From the solubility table, we see that K+ cations are soluble in water with both Cl– and NO3– anions. Thus, the compounds KCL and KNO3 are aqueous. As for Pb2+ cations, they’re soluble with NO3– anions, but only partially soluble with Cl– anions. Thus, Pb(NO3)2 is aqueous, while PbCl2 exists as a solid.
Writing the balanced chemical equation with the physical states of each reactant and product, we have:
2KCL(aq) + Pb(NO3)2 (aq) → 2KNO3 (aq) + PbCl2 (s)
Step 3: Break Down Aqueous Compounds Into Their Constituent Ions
To write an ionic equation, we will now need to break down the aqueous compounds into their component ions. Remember to only break down aqueous compounds, as these are soluble in water and will split into their component ions. Leave the non-aqueous participants as they are.
Regarding our example, KCL will split into K+ and Cl– ions, while Pb(NO3)2 will break down into Pb2+ and 2NO3– on the reactant side.
On the product side, KNO3 will dissociate into K+ and NO3– ions. As a solid, PbCl2 will remain as it is.
2K+(aq) + 2Cl–(aq) + Pb2+(aq) + 2NO3 – (aq) → 2K+(aq) + 2NO3 –(aq) + PbCl2 (s)
Note: Do not forget to multiply each ion with the stoichiometry coefficient it was affixed with in the balanced chemical equation. Not doing so will leave the ions and their charges unbalanced.
Step 4: Remove Spectator Ions
Now, for the final step, and to write the net ionic equation, all we need to do is remove the spectator ions. As mentioned earlier, when ionic compounds dissociate into their ions, only some of them react with other ions to form products, while others sit back and watch them react. Much like spectators at a sporting event, these ions don’t directly participate in the reaction, but merely spectate, and are thus called spectator ions. The ions that react with other ions to form products may be called principal ions or player ions.

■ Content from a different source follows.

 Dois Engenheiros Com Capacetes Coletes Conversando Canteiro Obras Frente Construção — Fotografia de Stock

Spectator ions appear unchanged on both the reactant side and the product side of a chemical equation. Some of the most common spectator ions include the alkali metals of the first column in the periodic table (K+ & Na+) and halogens, such as Cl– & F–. Since these ions don’t participate in the reaction, they also do not affect the equilibrium.
For the reaction of potassium chloride with lead nitrate, K+ and NO3– ions are present and unchanged on both sides; these are the spectator ions. The ions Cl– and Pb2+ form the final product PbCl2 and are the player ions. Simply cancel K+ and NO3– and rewrite the equation with the remaining participants to obtain the net ionic equation.

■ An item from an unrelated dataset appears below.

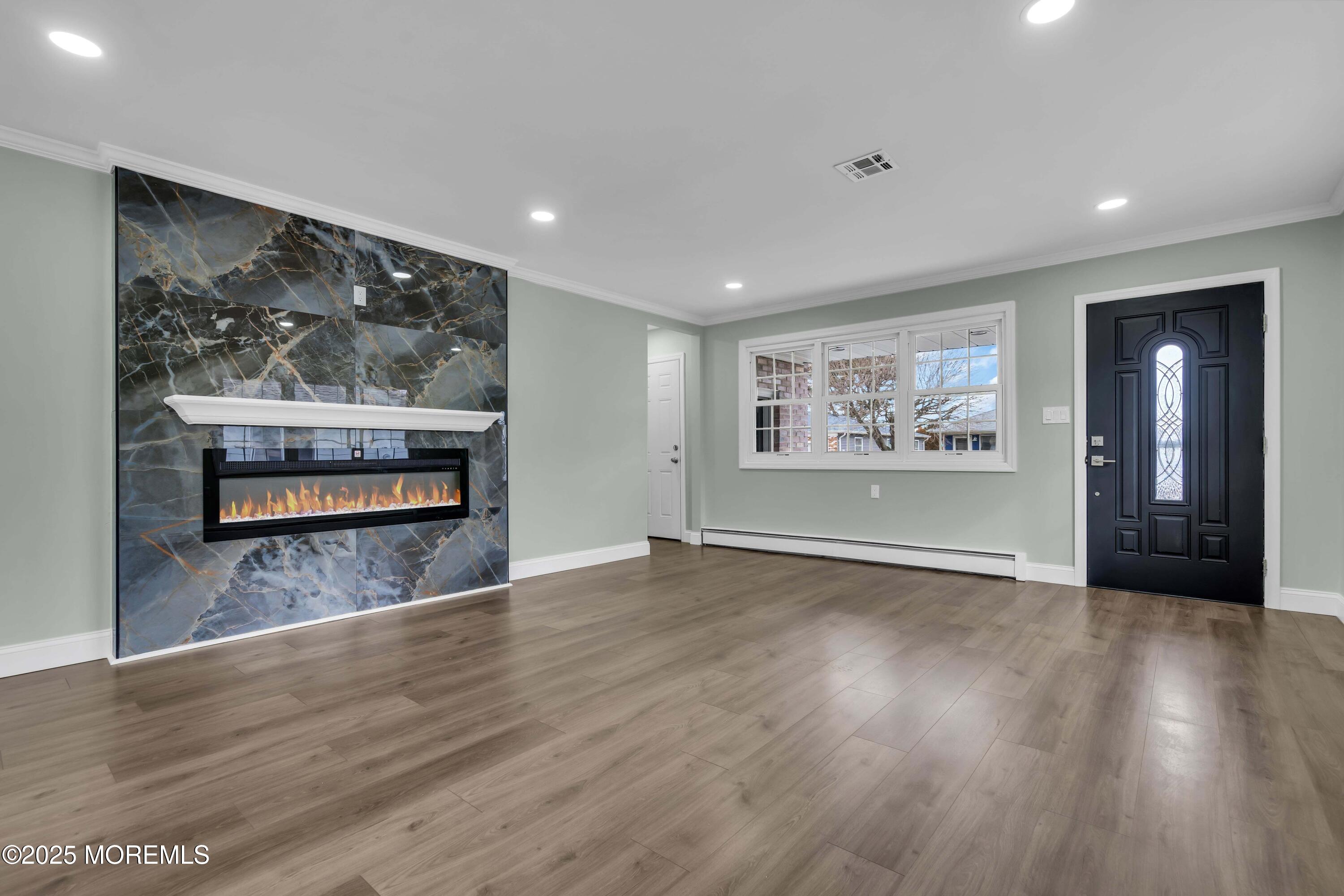 10 Aztec Court Toms River, NJ 08757 - Photo 23 of 57 a view of an empty room with wooden floor and a window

2K+(aq) + 2Cl–(aq) + Pb2+(aq) + 2NO3 – (aq) → 2K+(aq) + 2NO3 –(aq) + PbCl2 (s)
On rewriting the equation, we have:
2Cl–(aq) + Pb2+(aq) → PbCl2 (s)
After rearranging the reactants, the equation is:
Pb2+(aq) + 2Cl–(aq) → PbCl2 (s)
The above equation is called the net ionic equation for the reaction of potassium chloride with lead nitrate, which yields potassium chloride as the primary product.
Final Words
Writing a net ionic equation on its own isn’t difficult, but it does require knowledge of various topics. These include aqueous solutions, ionic compounds, the solubility of various compounds and how to use the solubility table, among other things.
An incorrectly balanced chemical equation at the start of this process will definitely steer you down the wrong path. So, make sure to start with a perfectly balanced chemical equation.
Similarly, when writing the ionic form, ensure that the number of ions and their charges are balanced on both sides of the equation before canceling the spectator ions to reach the final ionic equation.